Higher Order Asymptotic Sufficiency, Asymptotic Ancillarity in Time Series Analysis

Abstract

Let X_n = (X₁,⋯,X_n)' be an n-dimensional random vector which has an unknown parameter θ ∈ Θ ⊂ R¹. For the case when each X_j is independently and identically distributed, several works discussed the asymptotic sufficiency along the following directions.
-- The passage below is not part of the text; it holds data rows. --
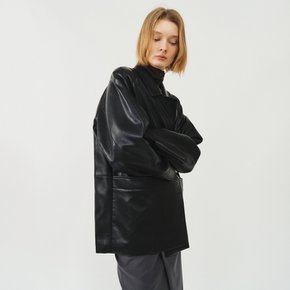 비건 레더 셔링 자켓_블랙 / VEGAN LEATHER SHIRRING JACKET_BLACK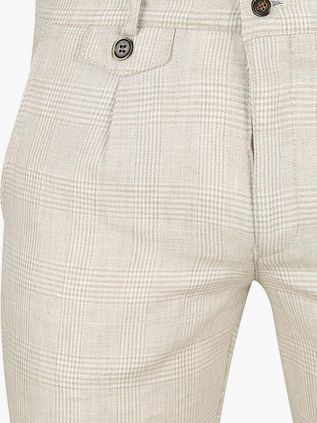 Suitable Chino Linen Blend Ruiten Beige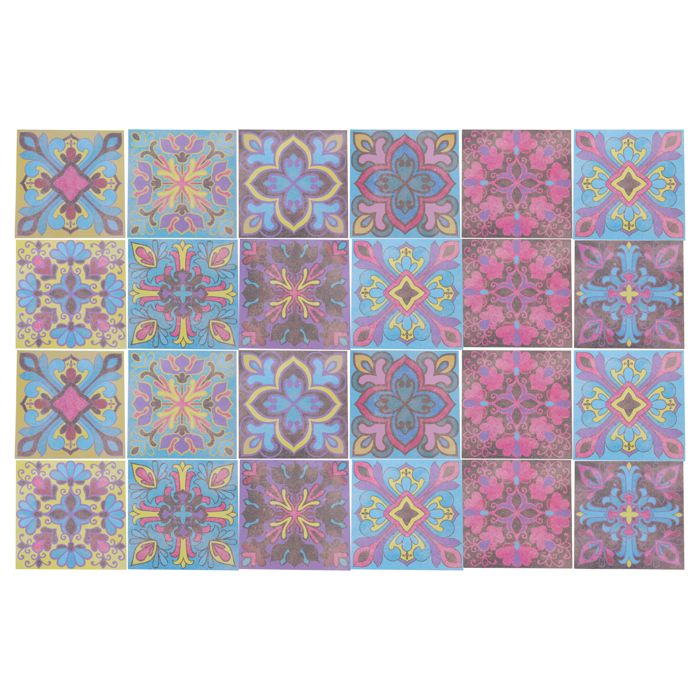 Stickers X AUTOHAUX Sticker pour carrelage Autocollant mural en PVC pour Carrelage 10 x 10 cm Jaune Rose 24Pcs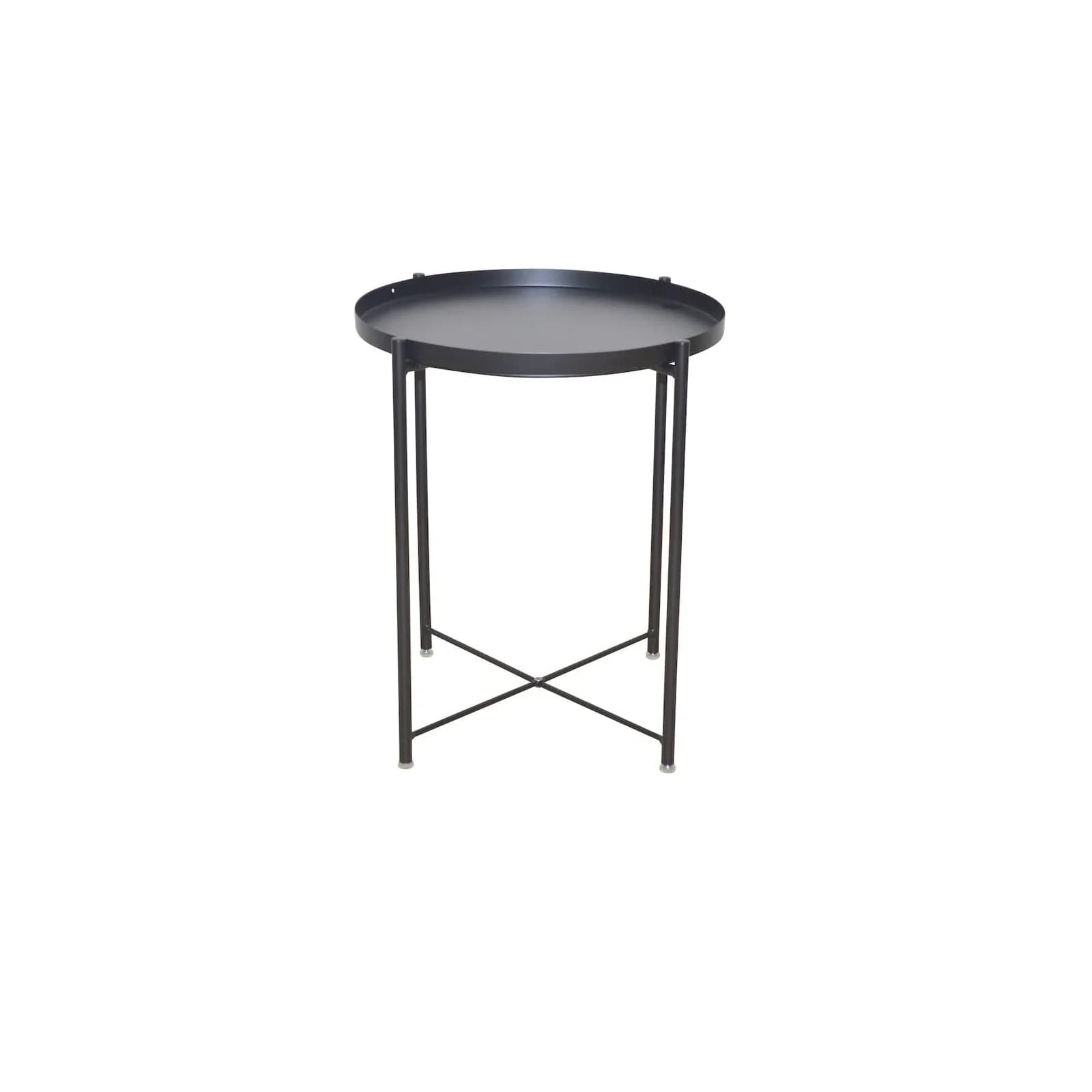 HOFMANN LIVING AND MORE Beistelltisch Schwarz Metall Abnehmbare Tischplatte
For an appropriate estimator \({\hat \theta _n}\) we define \({t_n}\, = \,{\hat \theta _n}\, + \,{\left\{ {nF\left( {{{\hat \theta }_n}} \right)} \right\}^{ - 1}}\, \cdot \,L_n^{\left( 1 \right)}\left( {{X_n},{{\hat \theta }_n}} \right)\), where F (θ) is the Fisher information and L⁽¹⁾_n(X_n,θ) ) is the derivative of the log-likelihood with respect to θ. Then LeCam(1956) showed that t_n is asymptotically sufficient in the sense that t_n is sufficient for a family {Q_n,θ; θ ∈ Θ} of probability measures and that ‖ P_n,θ - Q_n,θ‖ = o (1), uniformly on any compact set of Θ, where ‖ ⋅ ‖ is the variation norm. Under slight different conditions from those of LeCam, Pfanzagl(1972) showed that \(\left\| {{P_{n,\theta }}} \right.\, - \,\,\left. {{Q_{n,\theta }}} \right\|\, = \,O\,\left( {{n^{ - \frac{1}{2}}}} \right)\), uniformly on every compact set of Θ, which improves the above result. Let \({s_n}\, = \,\left\{ {{{\hat \theta }_n},L_n^{\left( 1 \right)}\left( {{X_n},{{\hat \theta }_n}} \right),...,L_n^{\left( k \right)}\left( {{X_n},{{\hat \theta }_n}} \right)} \right\}\), where \(L_n^{\left( j \right)}\left( {{X_n},\theta } \right)\) is the jth derivative of L_n(X_n, θ) with respect to θ. Suzuki(1978) proved that s_n is asymptotically sufficient up to order o(n-(k-1)/2) in the sense that s_n is sufficient for a family {Q_n,θ; θ ∈ Θ} of probability measures and that

$$\left\| {{P_{n,\theta }}} \right.\, - \,\left. {{Q_{n,\theta }}} \right\|\, = \,o\left( {{n^{ - \frac{{k - 1}}{2}}}} \right)\,$$

, uniformly on any compact set of Θ. Using the maximum likelihood estimator \(\hat \theta _{ML}^{\left( n \right)}\) instead of \({\hat \theta _n}\), Ghosh and Subramanyam(1974) mentioned that \(\left( {\hat \theta _{ML}^{\left( n \right)},L_n^{\left( 2 \right)}\left( {{X_n},\hat \theta _{ML}^{\left( n \right)}} \right),L_n^{\left( 3 \right)}\left( {{X_n},\hat \theta _{ML}^{\left( n \right)}} \right)L_n^{\left( 4 \right)}\left( {{X_n},\hat \theta _{ML}^{\left( n \right)}} \right)} \right)\) is asymptotically sufficient up to order o(n^-1).